Officials already have “sketched out” the new course and now have to “look at effective resourcing,” but “from my standpoint, we’re talking months, not years,” he asserts. “It’s an imperative. If the Army’s going to move in this direction, we have to ensure that our soldiers are trained and ready.”
One method of gaining that classroom flexibility is a concept known as “coursework as code,” which allows students and graduates in the field to recommend changes to the course material. For instance, an officer graduating from the Cyber School and executing defensive cyber missions with state-of-the-art tools might learn something about how adversaries operate. The officer can use the Gitlab platform to suggest updates in the curricula. “She can log in and make a recommendation of how to change the manner in which we’re teaching that instruction, that module, in the actual course,” Gen. Stanton reports.

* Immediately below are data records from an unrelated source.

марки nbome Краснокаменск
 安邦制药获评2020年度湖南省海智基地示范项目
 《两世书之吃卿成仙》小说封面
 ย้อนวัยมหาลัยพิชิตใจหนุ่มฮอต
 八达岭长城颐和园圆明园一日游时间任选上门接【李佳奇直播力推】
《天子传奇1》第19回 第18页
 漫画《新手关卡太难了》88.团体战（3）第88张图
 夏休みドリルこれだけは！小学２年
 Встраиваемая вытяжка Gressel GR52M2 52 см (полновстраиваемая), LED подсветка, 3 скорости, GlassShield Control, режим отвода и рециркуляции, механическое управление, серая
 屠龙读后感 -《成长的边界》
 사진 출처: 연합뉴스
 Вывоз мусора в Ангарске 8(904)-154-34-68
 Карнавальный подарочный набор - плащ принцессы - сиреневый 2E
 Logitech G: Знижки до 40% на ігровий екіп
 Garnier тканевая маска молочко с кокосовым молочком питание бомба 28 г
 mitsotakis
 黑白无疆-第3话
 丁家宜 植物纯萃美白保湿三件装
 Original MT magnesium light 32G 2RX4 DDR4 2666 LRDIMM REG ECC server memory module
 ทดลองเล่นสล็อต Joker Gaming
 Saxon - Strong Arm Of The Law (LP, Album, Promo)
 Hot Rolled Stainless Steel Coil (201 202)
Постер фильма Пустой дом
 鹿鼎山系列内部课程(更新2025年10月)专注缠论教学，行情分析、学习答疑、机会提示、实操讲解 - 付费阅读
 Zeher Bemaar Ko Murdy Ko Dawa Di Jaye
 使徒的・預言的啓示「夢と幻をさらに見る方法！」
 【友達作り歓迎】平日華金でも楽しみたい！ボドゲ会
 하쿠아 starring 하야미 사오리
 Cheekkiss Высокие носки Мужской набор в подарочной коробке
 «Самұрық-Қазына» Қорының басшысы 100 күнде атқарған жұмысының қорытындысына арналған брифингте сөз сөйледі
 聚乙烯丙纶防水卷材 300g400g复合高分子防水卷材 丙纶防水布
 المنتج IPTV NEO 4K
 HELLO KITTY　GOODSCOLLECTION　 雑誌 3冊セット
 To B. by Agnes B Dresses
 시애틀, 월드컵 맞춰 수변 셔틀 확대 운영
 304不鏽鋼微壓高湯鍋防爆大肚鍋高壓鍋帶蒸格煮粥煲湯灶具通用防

Instructors review the recommendation, decide whether it makes sense and push the suggestion to the course director for validation. If validated, the change is implemented. “It gives the opportunity for insights derived directly from the field to influence what we’re teaching in the classroom. I think that approach is huge to our future success as it keeps a degree of consistency yet allows us to be agile and adaptive to a changing environment,” Gen. Stanton offers.
The coursework-as-code concept was implemented a couple of years ago, and Gen. Stanton indicates the number of suggested changes has grown exponentially. The recent Solar Winds attack led to one recommendation regarding the Deployable Defense System, a defensive cyber operations tool. “Operators in the field, who were using their system to look at the network traffic, recognized that there was probably a better way of teaching it and then made that recommendation back into the classroom, and it’s now the model that we’re using,” the general reveals.
That ability to recommend changes was itself a student-recommended change. A student familiar with GitLab suggested using it, and she remained at the Cyber School long enough to help develop the framework. Then, the concept could be expanded. “I’m a firm believer in its potential to not only support the Cyber School but to extend over into the Signal School and potentially even more broadly out to the rest of Training and Doctrine Command,” Gen. Stanton suggests.